* _WHAT TO PRODUCE_
Exclude all pictures. Then restate, word for word, the entries from the first line through the line that contains "Лысый зрелый мужчина".

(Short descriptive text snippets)
* * *

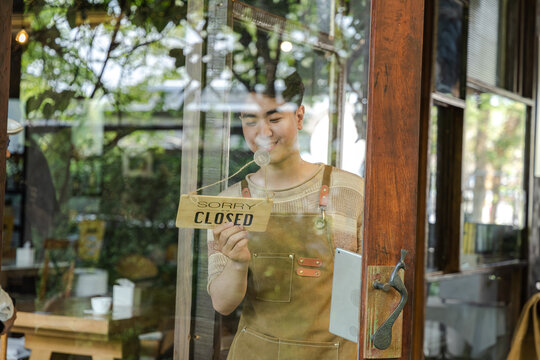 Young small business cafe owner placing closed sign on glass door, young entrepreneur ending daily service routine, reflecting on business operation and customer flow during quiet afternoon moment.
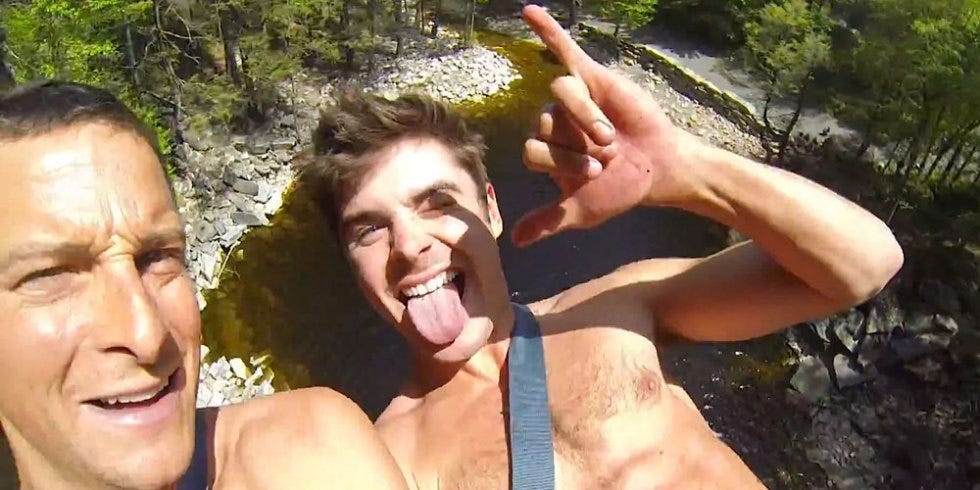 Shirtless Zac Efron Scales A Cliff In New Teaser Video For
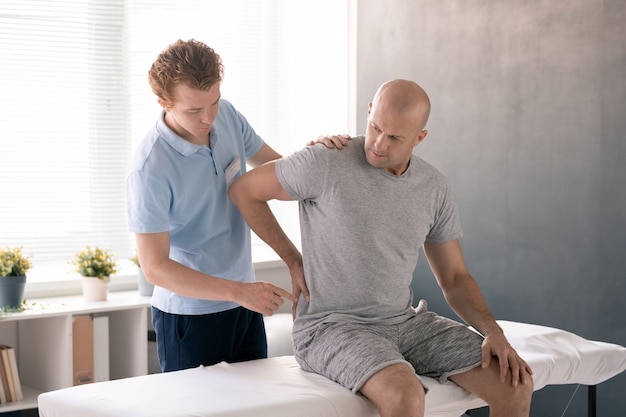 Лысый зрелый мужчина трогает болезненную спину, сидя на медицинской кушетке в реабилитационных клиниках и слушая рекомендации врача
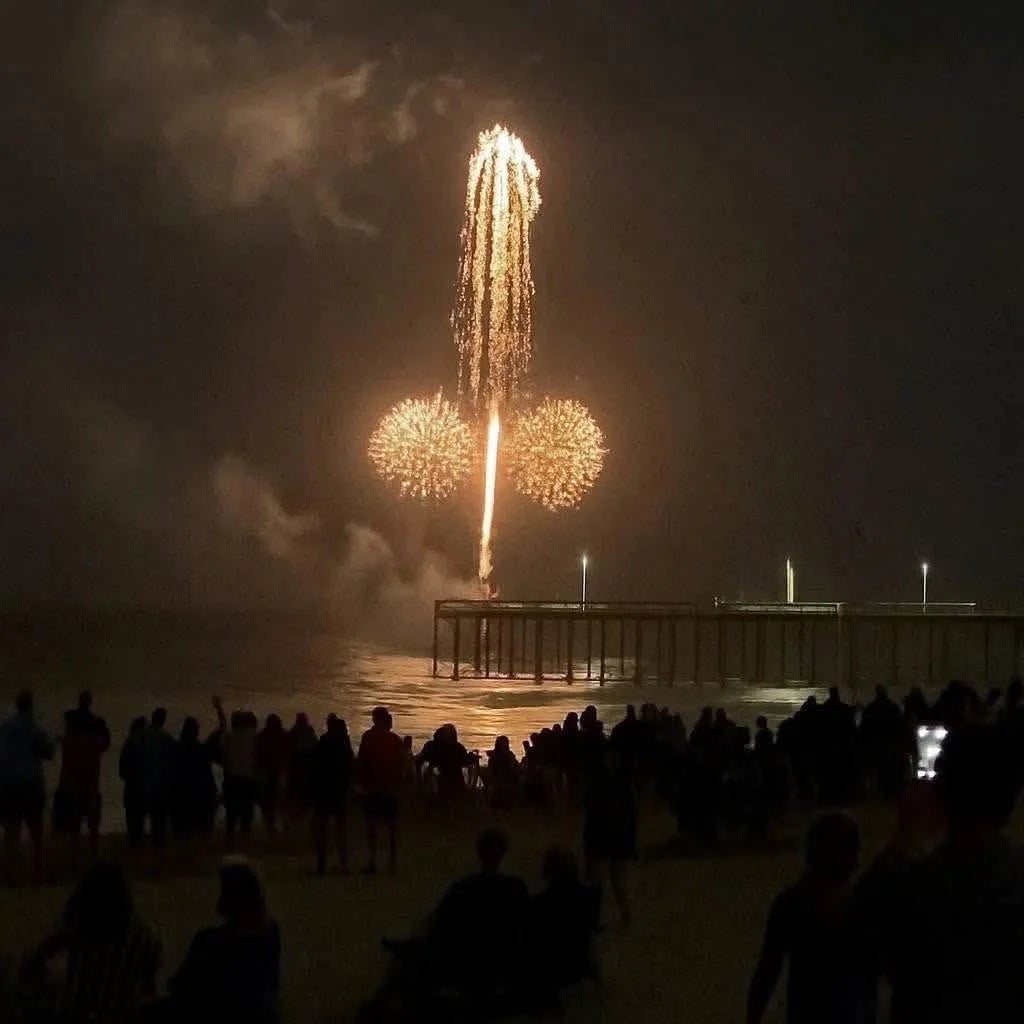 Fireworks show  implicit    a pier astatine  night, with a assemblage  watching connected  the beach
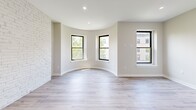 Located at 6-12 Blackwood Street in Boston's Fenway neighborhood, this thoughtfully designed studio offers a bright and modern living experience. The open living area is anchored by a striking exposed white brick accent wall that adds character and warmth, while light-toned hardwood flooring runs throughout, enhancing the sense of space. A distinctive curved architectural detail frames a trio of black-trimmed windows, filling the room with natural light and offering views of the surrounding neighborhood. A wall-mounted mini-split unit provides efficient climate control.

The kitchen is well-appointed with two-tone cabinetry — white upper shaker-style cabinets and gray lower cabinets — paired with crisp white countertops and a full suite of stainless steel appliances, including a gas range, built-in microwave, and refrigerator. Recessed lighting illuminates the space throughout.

* * *

* _RESPONSE BELOW_
 Young small business cafe owner placing closed sign on glass door, young entrepreneur ending daily service routine, reflecting on business operation and customer flow during quiet afternoon moment.
 Shirtless Zac Efron Scales A Cliff In New Teaser Video For
 Лысый зрелый мужчина трогает болезненную спину, сидя на медицинской кушетке в реабилитационных клиниках и слушая рекомендации врача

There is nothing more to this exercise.